Cracking FIs’ 90/10 Data Monetization Problem
When seven CEOs of the largest banks in the United States gathered on Capitol Hill earlier this month, the topics and questions lobbed at them from members of the House Financial Services Committee spanned all manner of subjects.
The focus of the hearing was, generally speaking, the evolution of financial services in the wake of the financial crisis, and of course the spotlight shone on the myriad ways that things have changed over the past decade. FinTech, cryptos, pay gaps, capital requirements and even the ethics of doing business with firearms firms were all under discussion.
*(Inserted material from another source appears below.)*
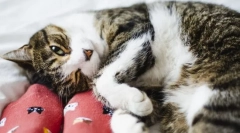 Чому кішка кусає за ноги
And, of course, data security – or perhaps the lack thereof – was fair game. The executives who testified said they have been focusing on data security, and will continue to do so, as huge breaches have dominated the headlines. Said Bank of America CEO Brian Moynihan, “We are in, effectively, a war on cybersecurity.” Along with JPMorgan CEO Jamie Dimon, he discussed how myriad regulations and bodies governing data and its use can be counterproductive in forging an effective strategy against the bad guys.
Might there be a solution in a compliance and data security approach that can keep consumers’ data safe, even as banks monetize that very data?
The endeavor is a win-win, allowing for mutually beneficial relationships between financial institutions (FIs) and their customers – and to get there, according to Randy Koch, CEO of ARM Insight, embracing synthetic data can make all the difference.